[Task requirements]: Could you repeat all of the entries below word for word, apart from the pictures?

##### Material supplied

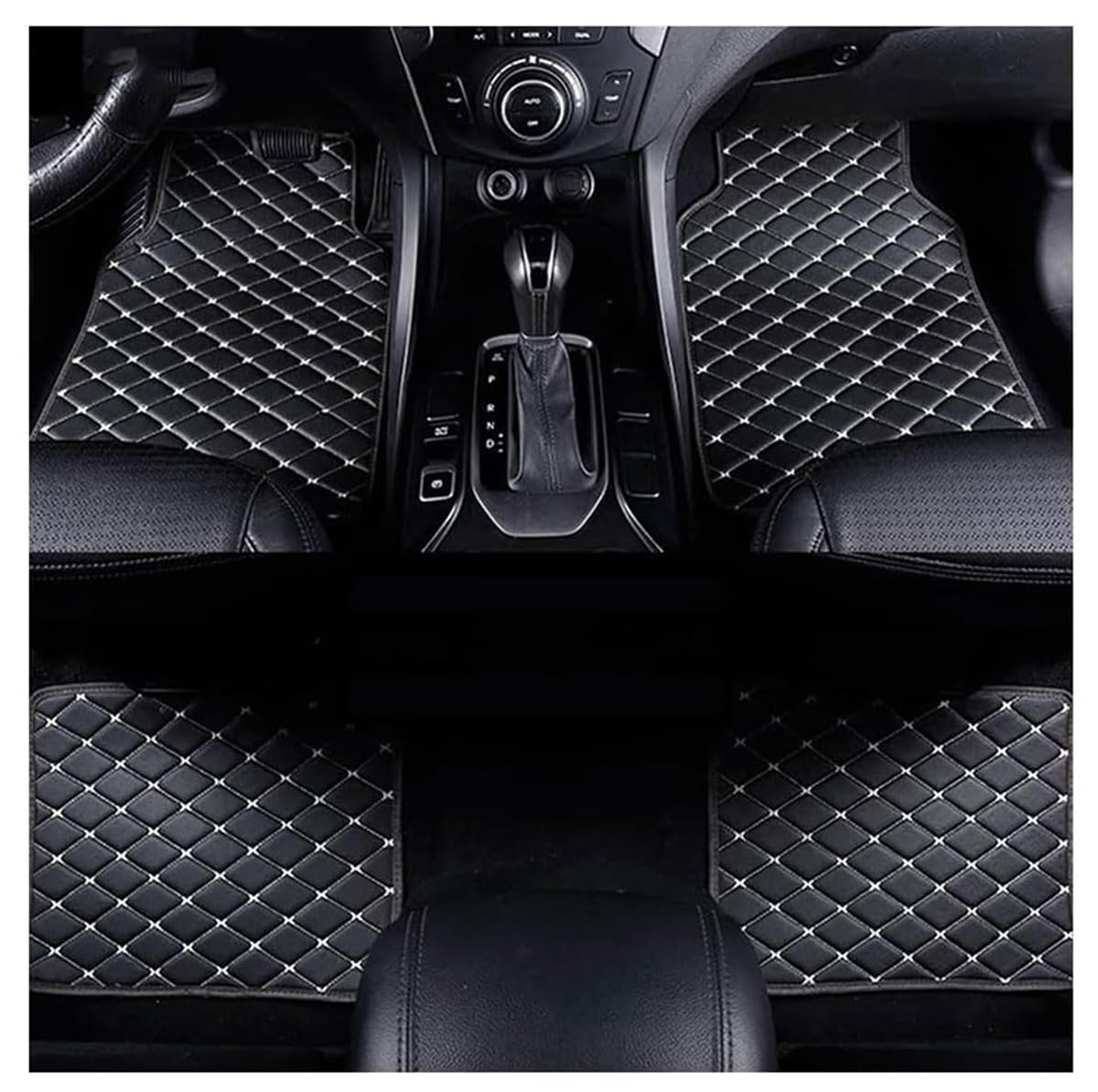OKNGHPLIU 4Stück Leder Auto Fußmatten für Land Rover Range Rover Velar (L560) 2017-2021, Teppich Set Allwetter rutschfeste wasserdichte Zubehör,A/Black-Beige von OKNGHPLIU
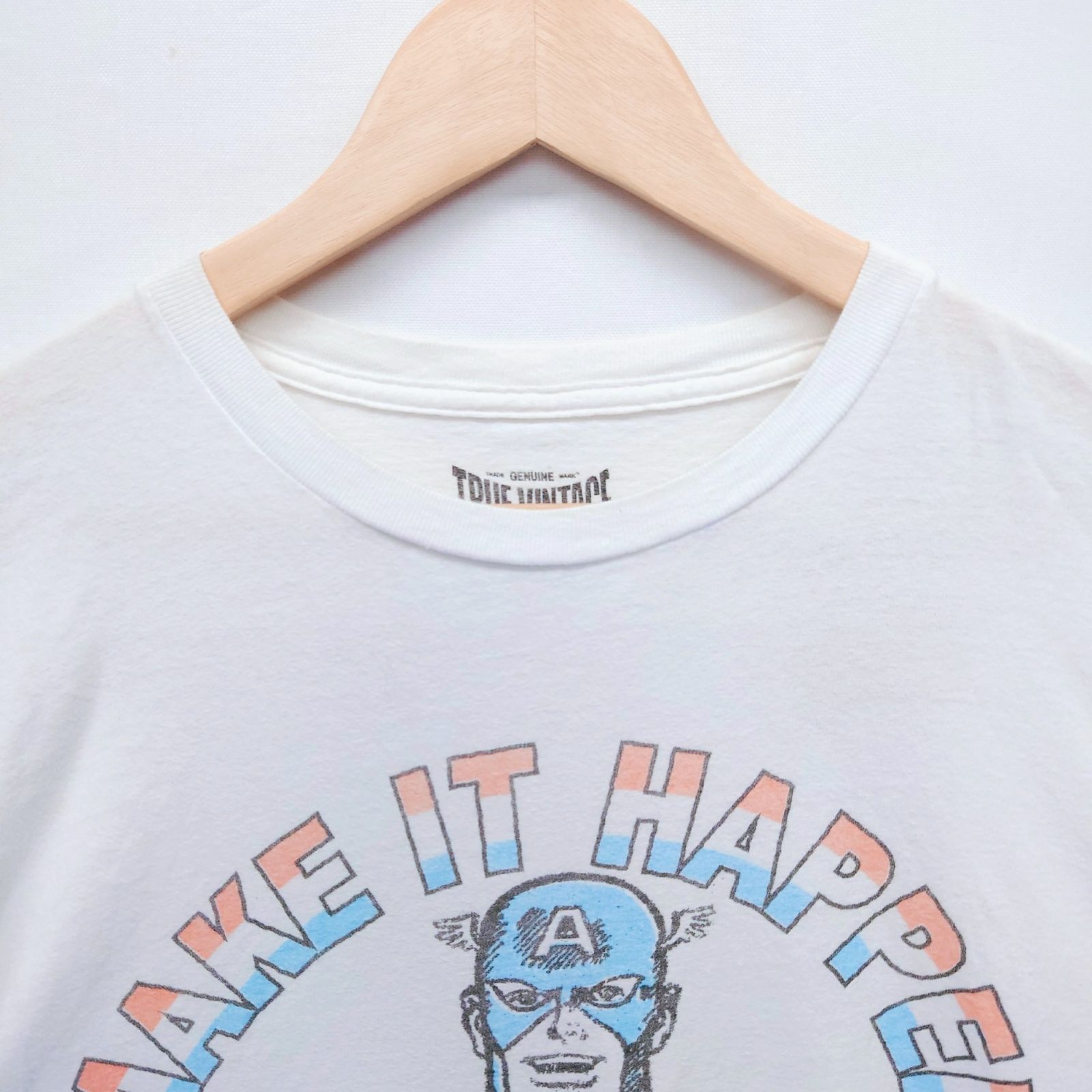 MARVEL キャプテンアメリカ Tシャツ L ホワイト アメコミ ヒーロー 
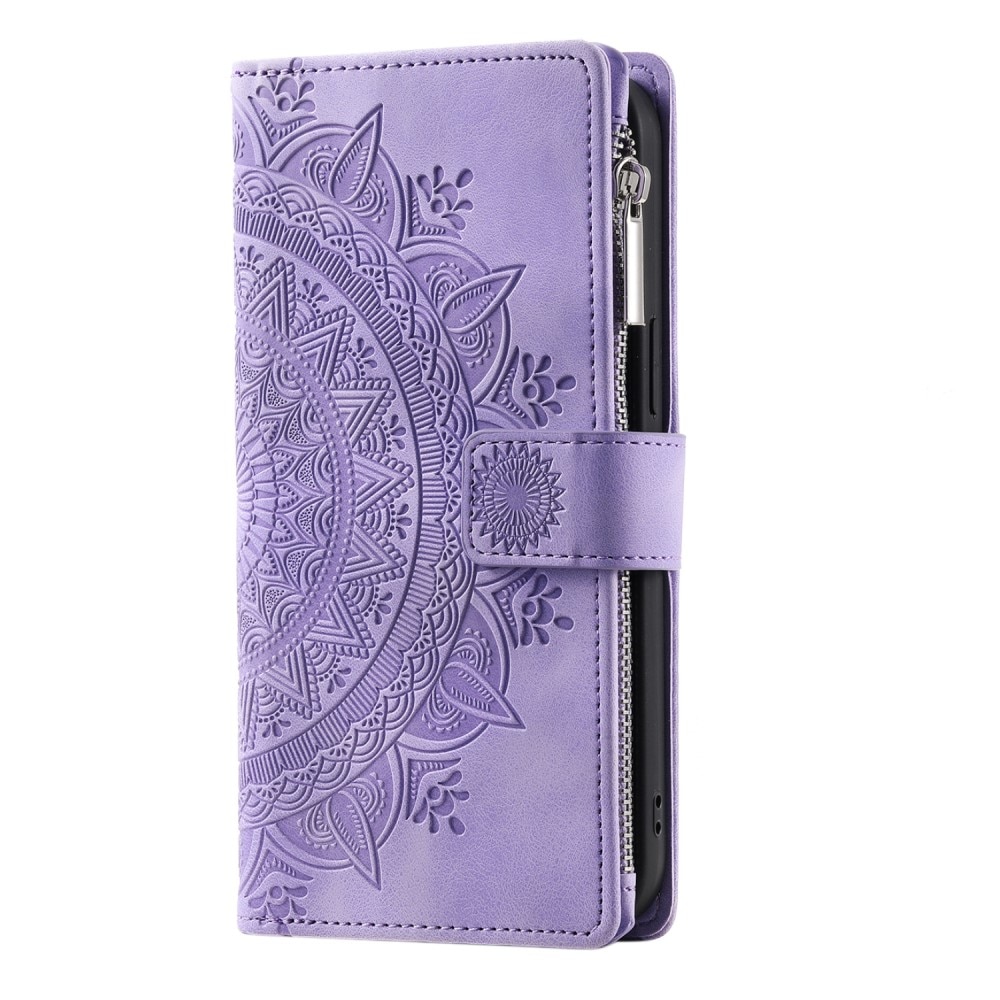 Plånboksväska iPhone 13 Mini Mandala lila
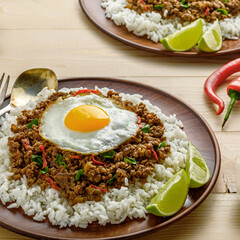 Classic Thai Rice Dish with Minced Meat, Fried Egg, and Lime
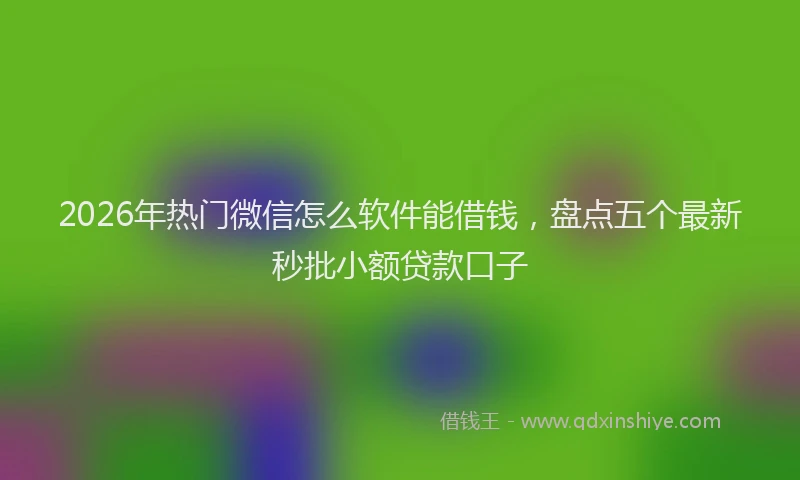 2026年热门微信怎么软件能借钱，盘点五个最新秒批小额贷款口子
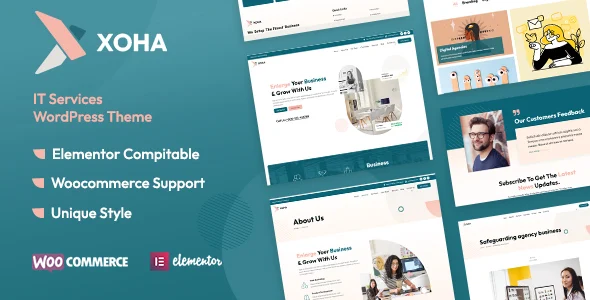 Xoha - Startup Consulting WordPress WordPress theme homepage layout for a agency software website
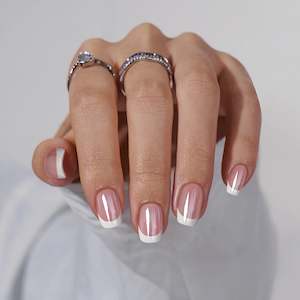 Press On Nails - Squoval Chrome French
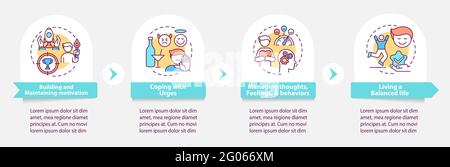 Addiction recovery steps vector infographic template Stock Vector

##########

[Written solution]:
OKNGHPLIU 4Stück Leder Auto Fußmatten für Land Rover Range Rover Velar (L560) 2017-2021, Teppich Set Allwetter rutschfeste wasserdichte Zubehör,A/Black-Beige von OKNGHPLIU
 MARVEL キャプテンアメリカ Tシャツ L ホワイト アメコミ ヒーロー 
 Plånboksväska iPhone 13 Mini Mandala lila
 Classic Thai Rice Dish with Minced Meat, Fried Egg, and Lime
 2026年热门微信怎么软件能借钱，盘点五个最新秒批小额贷款口子
 Xoha - Startup Consulting WordPress WordPress theme homepage layout for a agency software website
 Press On Nails - Squoval Chrome French
 Addiction recovery steps vector infographic template Stock Vector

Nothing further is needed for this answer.